At least the blaze of his arm was cool, quiet. The pain had become such a constant, it seemed wrong for it to go away, like a part of him was missing. He felt like he'd slipped into a dream—one of the ones where your feet didn't work quite right.
It's not a dream, he tried to remind himself even as his vision swirled, turning the world into impossible angles. It was medicine. A second pill Rachel had fed him. Fog filled his mind, a thick, medicinal sludge he struggled to break free of. Medicine, and maybe a bit of fever.
Rachel said something, but he couldn't catch her words. He blinked up at her, water dripping down his eyelashes. The rain drenched her as well, flattening her hair like a wet cat's. She sighed at him.
"Sorry," he muttered, struggling to marshall his thoughts. "M'listening now."
"Stay. Here," she insisted, pressing him against a tree.
"Mm-hmm." He nodded, and the world swirled like water in a snowglobe.
Her face leaned in close to his. She was frowning. "And stay awake. I'll be right back."

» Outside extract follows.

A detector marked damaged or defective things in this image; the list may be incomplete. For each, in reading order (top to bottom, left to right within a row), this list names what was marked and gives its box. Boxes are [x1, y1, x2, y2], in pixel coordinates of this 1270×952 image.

"No, no," he tried to argue, slowly realizing she meant to leave. "Lost. Don't get—"
She was gone before he could argue anymore. Bushes rustled. Water dripped against his head, his ears. The burnt orange twilight darkened, deepened, blackened... His head jerked up, eyes snapping open. Still burnt orange, not black. He'd fallen asleep. He bit his lip, but there was no spark of pain. The twilit forest weighed down on him, trying to lull him into slumber again.

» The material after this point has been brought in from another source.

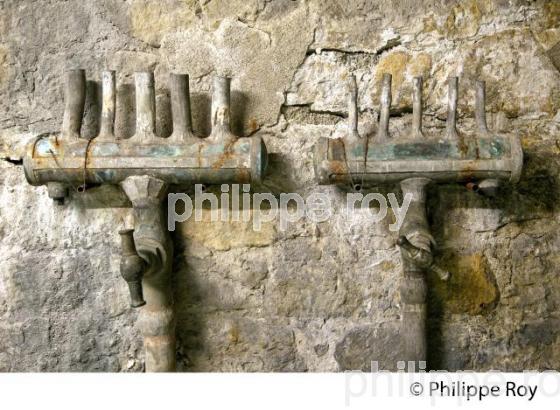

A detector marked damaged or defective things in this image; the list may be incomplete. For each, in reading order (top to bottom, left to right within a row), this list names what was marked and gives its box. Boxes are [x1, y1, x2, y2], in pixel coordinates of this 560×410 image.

rusted metal pipe [61, 69, 85, 140]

He pushed off the tree, fighting a step forward, fighting to stay awake. The world spun, and he closed his eyes. He focused on the thick, heavy feel of his shoes against the ground. He stepped again and swayed. His hand caught against a tree. Stepped forward. Another step forward. If he could just keep walking, he could keep awake...
🧬 🧬 🧬
Jason came to slowly. The cool dirt felt good against his cheek. The ground was surprisingly soft, no roots or stones stabbing against his stomach. Grass tickled his face. Rain pelted against his back.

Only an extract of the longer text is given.